Single by Split Enz

from the album True Colours
- B-side: "Double Happy"
- Released: 21 January 1980
- Recorded: November 1979
- Studio: Armstrong Studios, Melbourne
- Genre: New wave
- Length: 3:24
- Label: Mushroom Records, Melbourne
- Songwriter: Neil Finn
- Producer: David Tickle

Split Enz singles chronology
| "Things" (1979) | "I Got You" (1980) | "I Hope I Never" (1980) |

= I Got You (Split Enz song) =

"I Got You" is a song by New Zealand rock band Split Enz. It was released as a single on 21 January 1980 by Mushroom Records in Australia and New Zealand, and August 1980 by A&M internationally, as the first single from their breakthrough album True Colours. Written by co-lead singer Neil Finn, who did not initially believe it to be a hit, it became the band's most commercially successful song, topping the charts in Australasia (spending eight weeks at number-one in Australia) and placing in the top 20 of the British and top 10 of the Canadian charts. By July 1980, it had become the biggest selling single in Australian history.

The song was rated #11 on the Australasian Performing Right Association's Top 100 New Zealand Songs Of All Time list.

== Background ==
"I Got You" originated from a series of songwriting sessions with his brother and co-frontman Tim, in which one brother would name a title and the other would write a song around it; Tim suggested the title "I Got You" to Neil. Speaking to the New Zealand Herald in 2001, Neil recalled: "I think Tim came up with the title. We were sitting around in Rose Bay, Sydney, writing and I remember thinking the chorus was kind of weak. But when we rehearsed it, it felt really good straight away." Tim Finn said, "There was a gig [at] the Playroom. I remember at sound check one day, we tried that song and the band played it full tilt. Because I don't do much in it other than a harmony part, I thought, 'I'll go out the front and listen just for once.' So, I did and the sound was brilliant. It just had this incredible power. It took my breath away really, how great it was."

Initially, neither Neil, nor Michael Gudinski of Mushroom Records, believed the song would become a hit, Gudinski believing none of the tracks on True Colours had hit potential. The guitar riff at the start was played by Neil.
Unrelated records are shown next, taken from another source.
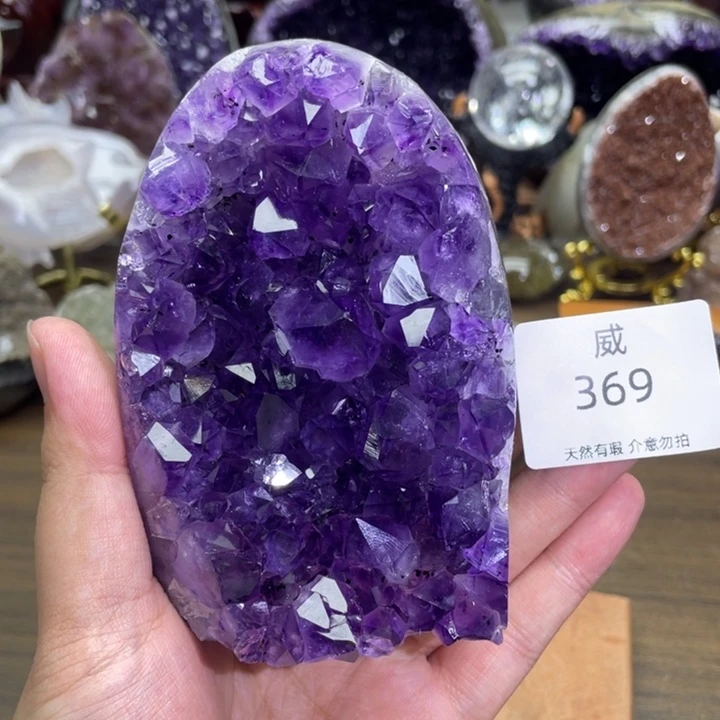 未镶嵌珠宝半成品水晶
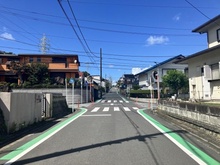 【神奈川県/横浜市栄区本郷台】横浜市栄区本郷台4丁目　新築戸建 前面道路：東側前面道路（2026年8月7日撮影）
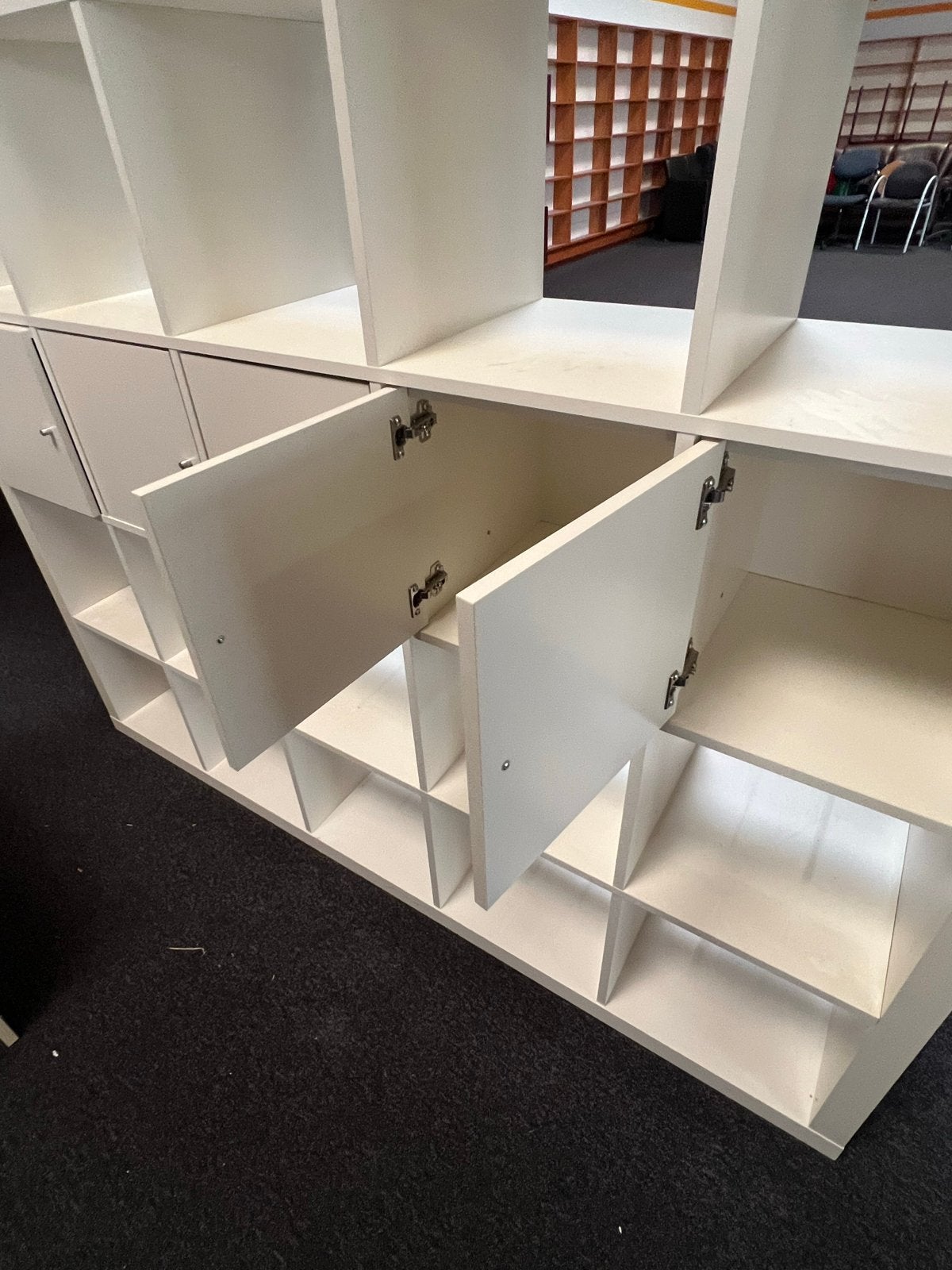 Witte Kallax-stijl kast met deuren en open vakken, Ophalen, Gebruikt, 150 tot 200 cm, Modern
He later remarked, "That was the only [riff] I knew how to play at the time... That was me learning how to play electric guitar."

==Reception==
The song received critical acclaim in contemporary music magazines. Reviewed in Roadrunner at the time of release, it was said the song "positively drips with appeal that only philistines could fail to appreciate," and asked readers to buy a copy as "it deserves to be a hit." Amanda Nicholls of Record Mirror, who also urged readers to buy the single, commented: "Good production with immaculate build-up and control throughout". Billboard noted the song's "record tenure" on the Australian charts and said American audiences would pick up on the song's "off-color, theme song appeal". Cashbox compared the song's "edgey[sic] vocals" to the Cars, and said it was "due for stateside recognition".

==Music video==
The music video was designed and directed by percussionist Noel Crombie, who directed most of the band's previous videos. It features Neil Finn standing in a room singing the song with the other band members performing in a framed picture on the wall behind him. The picture animates when he sings the chorus but goes still when he sings the verses. At the end of the video he is seen in the picture with the band.

==Track listing==
1. "I Got You" – 3:24
2. "Double Happy" – 3:15

==Personnel==
- Neil Finn – vocals, guitar
- Tim Finn – vocals
- Noel Crombie – vocals, percussion
- Malcolm Green – drums
- Nigel Griggs – bass guitar
- Eddie Rayner – keyboards

==Charts==
===Weekly charts===

| Chart (1980) | Peak position |
|---|---|
| Australia (Kent Music Report) | 1 |
| Canada (CBC) | 5 |
| Ireland (IRMA) | 19 |
| Netherlands (Dutch Top 40 Tipparade) | 22 |
| New Zealand (Recorded Music NZ) | 1 |
| UK (OCC) | 12 |
| US Billboard Hot 100 | 53 |
| US Cash Box Top 100 | 50 |

Notes:

===Year-end charts===

| Chart (1980) | Rank |
|---|---|
| Australia (Kent Music Report) | 1 |
| New Zealand | 8 |
| Canada (CHUM Top 100) | 13 |
| US (Joel Whitburn's Pop Annual) | 299 |

==Certifications==

| Region | Certification | Certified units/sales |
| New Zealand (RMNZ) | 2× Platinum | 60,000^{‡} |
^{‡} Sales+streaming figures based on certification alone.

==Cover versions==
"I Got You" has been recorded by Vitamin C and The Connells.
Fleetwood Mac also played the song on their 2018-19 tour, An Evening with Fleetwood Mac, where Neil Finn replaced longtime member Lindsey Buckingham. In addition to "I Got You," Finn also performed Crowded House song "Don't Dream It's Over," with Stevie Nicks providing harmonies.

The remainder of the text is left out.